Work instructions: Repeat everything in the listing exactly, except for the images.

Information supplied:
*** Begin section ***

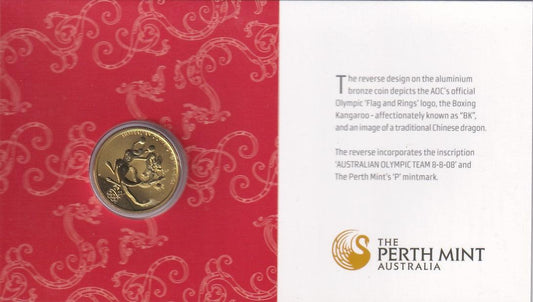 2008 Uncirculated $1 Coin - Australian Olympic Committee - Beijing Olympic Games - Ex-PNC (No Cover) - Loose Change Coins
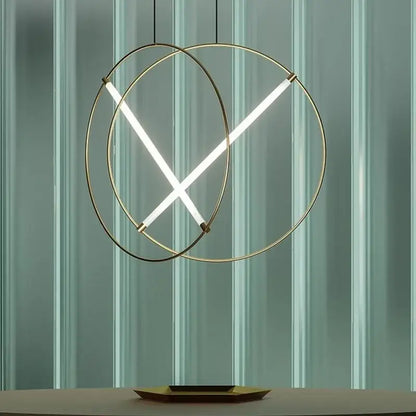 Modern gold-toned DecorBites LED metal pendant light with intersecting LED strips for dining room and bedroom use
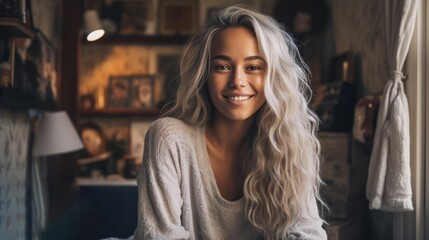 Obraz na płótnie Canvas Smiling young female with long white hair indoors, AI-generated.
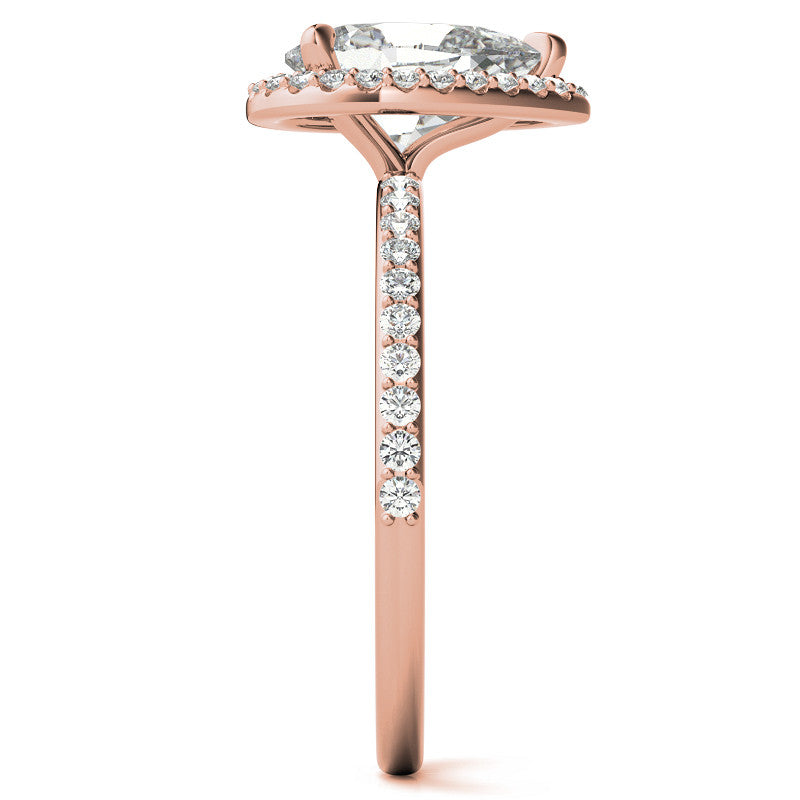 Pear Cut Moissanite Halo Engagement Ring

*** End section ***

The answer:
 2008 Uncirculated $1 Coin - Australian Olympic Committee - Beijing Olympic Games - Ex-PNC (No Cover) - Loose Change Coins
 Modern gold-toned DecorBites LED metal pendant light with intersecting LED strips for dining room and bedroom use
 Obraz na płótnie Canvas Smiling young female with long white hair indoors, AI-generated.
 Pear Cut Moissanite Halo Engagement Ring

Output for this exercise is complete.